A Bayesian network is a probabilistic graphical model that represents a set of random variables and their conditional dependencies via a directed acyclic graph (DAG). Each random variable encodes some aspect of the world for which we may have uncertainty. These random variables are usually denoted using capital letters such as:

$T$ : Is it raining?
$H$ : Heads or tails?
$Q$ : How long will it take to reach the front of the queue?

Random variables can be discrete or continuous. Each random variable is assigned a value from its domain. For example, $H \in \{\text{heads, tails}\}$ and $Q \in [0,\infty)$ .

Probability Basics

We assign a probability value to each value a random variable takes. For example, we can assign a value of $0.5$ to heads and $0.5$ to tails. There are three types of probability values:

Marginal Probability

Marginal probability $P(x)$ is the probability of a single event occurring without any consideration of other events. It is derived by summing or integrating over the possible values of other random variables.

Joint Probability

Joint probability $P(x,y)$ is the probability of two or more events occurring simultaneously. It is the probability of the intersection of events, representing the combined outcome of these events.

Conditional Probability

Conditional probability $P(x|y)$ is the probability of an event occurring given that another event has already occurred.

Probability Rules

probability rules allow us to establish relationships between different probabilities. For instance, we can relate marginal probabilities to joint probabilities 🎲

Law of Total Probability The law of total probability relates marginal and joint probabilities. It’s given by:

P(X) = \sum_{i} P(X, Y_i)

It states that the marginal probability of an event can be found by considering all possible ways that the event can occur jointly with the other variable.

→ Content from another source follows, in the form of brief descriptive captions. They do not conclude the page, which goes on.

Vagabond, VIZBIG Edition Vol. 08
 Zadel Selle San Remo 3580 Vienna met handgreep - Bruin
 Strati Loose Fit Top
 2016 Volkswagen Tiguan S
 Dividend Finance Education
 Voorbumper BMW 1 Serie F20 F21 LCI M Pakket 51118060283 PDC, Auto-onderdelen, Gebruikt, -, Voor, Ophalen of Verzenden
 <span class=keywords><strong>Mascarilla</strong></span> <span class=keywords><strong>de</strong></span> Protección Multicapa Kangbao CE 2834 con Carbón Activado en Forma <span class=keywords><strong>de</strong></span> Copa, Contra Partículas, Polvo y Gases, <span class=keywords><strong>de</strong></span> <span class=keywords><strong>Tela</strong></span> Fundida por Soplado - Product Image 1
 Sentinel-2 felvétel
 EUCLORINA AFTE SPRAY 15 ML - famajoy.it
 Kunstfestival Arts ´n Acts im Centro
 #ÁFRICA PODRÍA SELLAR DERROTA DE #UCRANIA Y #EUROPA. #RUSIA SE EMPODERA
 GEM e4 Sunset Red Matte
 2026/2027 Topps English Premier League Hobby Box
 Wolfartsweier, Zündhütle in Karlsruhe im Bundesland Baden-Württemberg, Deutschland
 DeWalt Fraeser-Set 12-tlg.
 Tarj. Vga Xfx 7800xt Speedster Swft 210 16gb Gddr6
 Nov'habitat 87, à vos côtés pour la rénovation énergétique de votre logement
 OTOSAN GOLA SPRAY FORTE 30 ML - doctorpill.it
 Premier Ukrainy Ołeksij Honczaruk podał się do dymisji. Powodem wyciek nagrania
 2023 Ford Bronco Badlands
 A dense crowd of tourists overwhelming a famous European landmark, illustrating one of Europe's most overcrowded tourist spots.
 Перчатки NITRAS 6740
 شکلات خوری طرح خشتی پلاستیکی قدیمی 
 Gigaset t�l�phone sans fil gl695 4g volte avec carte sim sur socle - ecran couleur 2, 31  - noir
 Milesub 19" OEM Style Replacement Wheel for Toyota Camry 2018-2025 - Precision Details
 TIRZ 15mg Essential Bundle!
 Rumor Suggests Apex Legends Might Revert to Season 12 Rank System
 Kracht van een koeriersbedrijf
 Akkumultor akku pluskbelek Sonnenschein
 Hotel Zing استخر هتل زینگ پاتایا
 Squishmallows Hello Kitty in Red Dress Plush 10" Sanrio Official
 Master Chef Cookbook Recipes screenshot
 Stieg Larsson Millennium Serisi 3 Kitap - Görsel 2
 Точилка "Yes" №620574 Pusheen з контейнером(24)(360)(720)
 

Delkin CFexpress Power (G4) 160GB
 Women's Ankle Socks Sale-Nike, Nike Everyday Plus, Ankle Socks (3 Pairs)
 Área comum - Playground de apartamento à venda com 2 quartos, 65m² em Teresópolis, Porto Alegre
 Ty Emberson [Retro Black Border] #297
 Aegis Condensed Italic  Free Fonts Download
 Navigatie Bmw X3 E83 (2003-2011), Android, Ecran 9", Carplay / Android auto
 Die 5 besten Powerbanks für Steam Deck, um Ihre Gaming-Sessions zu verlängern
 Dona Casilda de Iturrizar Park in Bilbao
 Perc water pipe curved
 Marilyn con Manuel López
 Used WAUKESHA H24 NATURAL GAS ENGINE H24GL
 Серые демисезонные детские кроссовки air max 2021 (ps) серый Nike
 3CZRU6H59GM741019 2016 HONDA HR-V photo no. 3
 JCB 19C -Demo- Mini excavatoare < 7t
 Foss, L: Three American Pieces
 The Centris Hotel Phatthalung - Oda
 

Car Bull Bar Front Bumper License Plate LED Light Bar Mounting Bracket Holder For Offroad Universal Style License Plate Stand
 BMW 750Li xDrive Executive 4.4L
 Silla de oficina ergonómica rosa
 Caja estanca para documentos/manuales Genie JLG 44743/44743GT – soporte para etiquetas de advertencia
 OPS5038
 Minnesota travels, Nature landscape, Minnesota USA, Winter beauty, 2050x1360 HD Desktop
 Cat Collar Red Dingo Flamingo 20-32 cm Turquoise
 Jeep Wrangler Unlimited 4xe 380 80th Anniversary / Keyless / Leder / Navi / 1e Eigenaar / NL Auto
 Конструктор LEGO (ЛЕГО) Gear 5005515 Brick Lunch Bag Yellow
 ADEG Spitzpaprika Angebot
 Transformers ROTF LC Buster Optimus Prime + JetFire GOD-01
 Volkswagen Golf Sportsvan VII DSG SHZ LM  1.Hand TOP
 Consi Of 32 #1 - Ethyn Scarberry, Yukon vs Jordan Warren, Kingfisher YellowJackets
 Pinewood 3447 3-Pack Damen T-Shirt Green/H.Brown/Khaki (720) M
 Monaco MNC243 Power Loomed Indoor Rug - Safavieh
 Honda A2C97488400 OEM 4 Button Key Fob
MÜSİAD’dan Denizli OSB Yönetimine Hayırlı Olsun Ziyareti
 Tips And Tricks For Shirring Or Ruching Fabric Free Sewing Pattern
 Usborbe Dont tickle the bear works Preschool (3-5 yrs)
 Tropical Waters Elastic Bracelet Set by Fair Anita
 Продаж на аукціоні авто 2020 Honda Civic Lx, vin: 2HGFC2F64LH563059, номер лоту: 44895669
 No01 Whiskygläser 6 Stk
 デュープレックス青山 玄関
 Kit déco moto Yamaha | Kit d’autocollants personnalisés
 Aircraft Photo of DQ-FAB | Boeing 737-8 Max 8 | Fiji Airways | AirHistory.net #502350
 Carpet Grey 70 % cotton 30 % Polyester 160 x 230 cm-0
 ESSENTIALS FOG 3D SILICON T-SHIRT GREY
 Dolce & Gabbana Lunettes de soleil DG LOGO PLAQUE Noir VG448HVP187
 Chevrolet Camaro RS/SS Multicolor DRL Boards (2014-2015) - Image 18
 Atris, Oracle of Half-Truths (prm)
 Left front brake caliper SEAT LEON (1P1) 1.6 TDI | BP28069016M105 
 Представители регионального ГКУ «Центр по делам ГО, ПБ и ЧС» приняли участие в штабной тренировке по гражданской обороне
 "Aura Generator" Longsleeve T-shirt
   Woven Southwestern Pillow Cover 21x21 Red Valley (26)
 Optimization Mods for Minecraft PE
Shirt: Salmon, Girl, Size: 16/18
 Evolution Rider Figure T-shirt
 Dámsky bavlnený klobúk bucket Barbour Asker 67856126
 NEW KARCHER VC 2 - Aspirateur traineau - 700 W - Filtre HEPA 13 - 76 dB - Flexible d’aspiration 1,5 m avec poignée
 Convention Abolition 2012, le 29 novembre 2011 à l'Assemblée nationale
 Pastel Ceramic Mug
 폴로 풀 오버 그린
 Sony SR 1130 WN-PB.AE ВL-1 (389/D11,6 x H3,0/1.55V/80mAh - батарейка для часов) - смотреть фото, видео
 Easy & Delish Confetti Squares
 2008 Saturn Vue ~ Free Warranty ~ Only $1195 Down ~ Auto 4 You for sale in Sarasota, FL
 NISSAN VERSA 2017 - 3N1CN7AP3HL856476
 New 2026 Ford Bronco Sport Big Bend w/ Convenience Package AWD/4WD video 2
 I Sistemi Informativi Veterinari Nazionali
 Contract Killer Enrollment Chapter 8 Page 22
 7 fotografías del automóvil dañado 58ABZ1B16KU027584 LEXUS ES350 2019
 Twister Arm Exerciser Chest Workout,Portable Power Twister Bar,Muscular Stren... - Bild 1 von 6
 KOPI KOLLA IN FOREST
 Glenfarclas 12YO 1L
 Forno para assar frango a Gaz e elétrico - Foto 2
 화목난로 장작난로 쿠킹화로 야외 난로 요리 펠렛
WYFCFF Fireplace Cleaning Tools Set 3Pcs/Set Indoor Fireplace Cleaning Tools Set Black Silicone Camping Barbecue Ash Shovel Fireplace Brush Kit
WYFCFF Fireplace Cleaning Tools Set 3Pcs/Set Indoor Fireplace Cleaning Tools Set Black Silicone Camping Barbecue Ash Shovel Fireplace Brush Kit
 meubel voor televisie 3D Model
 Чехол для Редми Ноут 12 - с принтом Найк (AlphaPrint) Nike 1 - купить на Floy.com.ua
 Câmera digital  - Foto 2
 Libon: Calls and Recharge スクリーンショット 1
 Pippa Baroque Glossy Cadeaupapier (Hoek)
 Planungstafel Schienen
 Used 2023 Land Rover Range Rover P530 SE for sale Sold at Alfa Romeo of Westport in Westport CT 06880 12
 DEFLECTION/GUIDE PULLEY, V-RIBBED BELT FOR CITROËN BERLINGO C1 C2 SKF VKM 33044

Product Rule The product rule relates joint probability to conditional probability. It states that the joint probability of two variable $X$ and $Y$ can be expressed as:

P(X, Y) = P(X|Y)P(Y) = P(Y|X)P(X)

Similarly, the conditional probability can be expressed as:

P(X \mid Y) = \frac{P(X,Y)}{P(Y)}

Bayes' Rule The product rule allows us to compute the conditional probability from the joint probability. But what if the joint is not available. In that case Bayes' rule comes to the rescue. It allows us to compute the conditional probability $P(X \mid Y)$ from the inverse conditional $P(Y\mid X)$ . It is derived from the product rule and is expressed as:

P(X \mid Y) = \frac{P(Y|X) * P(Y)}{P(Y)}

Chain Rule The chain rule of probability allows us to express the joint probability of a sequence of events as the product of conditional probabilities. For a sequence of events $X_1, X_2, ..., X_n$ , the chain rule is given by:

P(X_1, X_2, ..., X_n) = P(X_1)P(X_2|X_1)P(X_3|X_1, X_2)\cdots P(X_n|X_1, X_2, ..., X_{n-1})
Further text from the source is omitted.